Farmers have walked and worked every acre of their fields for generations, knowing each pond and hill. They have progressively improved their equipment, from hand ploughs to modern precision farming equipment with GPS. For the next breakthrough, innovation must transcend individual fields. In the past decade, far from the heartland, Internet-scale data acquisition and machine learning has pioneered a different approach: sophisticated brute force.
One simple idea explains much of the past five years in the Valley: use large scale datasets, simple algorithms, and massive computing to solve problems and build products that were previously impossible. From voice recognition with deep learning to A/B testing with high-volume websites to online behavioral prediction with machine learning, the intuition is all the same.

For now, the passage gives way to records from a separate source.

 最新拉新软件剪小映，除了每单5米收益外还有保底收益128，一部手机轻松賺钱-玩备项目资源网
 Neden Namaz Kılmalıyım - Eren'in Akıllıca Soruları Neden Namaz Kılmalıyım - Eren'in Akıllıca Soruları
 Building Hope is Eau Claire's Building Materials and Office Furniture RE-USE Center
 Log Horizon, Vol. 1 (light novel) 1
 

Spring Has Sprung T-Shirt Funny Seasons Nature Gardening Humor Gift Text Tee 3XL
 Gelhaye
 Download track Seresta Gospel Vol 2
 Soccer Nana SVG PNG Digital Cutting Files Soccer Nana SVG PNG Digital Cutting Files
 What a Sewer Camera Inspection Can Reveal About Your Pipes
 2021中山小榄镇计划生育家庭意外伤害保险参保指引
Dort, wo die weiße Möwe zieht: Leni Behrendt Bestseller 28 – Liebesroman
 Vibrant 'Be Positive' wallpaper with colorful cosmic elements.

The relevant question is how this brute force methodology from the Valley applies to a breakthrough in farm fields. The most obvious idea is to digitize the full spectrum of field agronomic data for every acre in each field at high resolution, including soil, atmospheric, imagery, crop, chemistry, and hydrology. Yet, the logistic challenges of this seem daunting: global growing regions have hundreds of millions of acres, data must be collected directly at the physical ground level in multiple passes per growing season, multiple tiers of remote imagery are required, farmland has minimal Internet connectivity, and the data storage footprint for this many geospatial data layers at high resolution is massive.
Closing the loop requires deriving novel insights and recommendations from this digital agronomic universe that predictably improve sustainability, yield, and profitability for farmers. In doing so, data will become as indispensable a tool for farmers as their equipment and will enable them to collectively meet the demands of a growing population.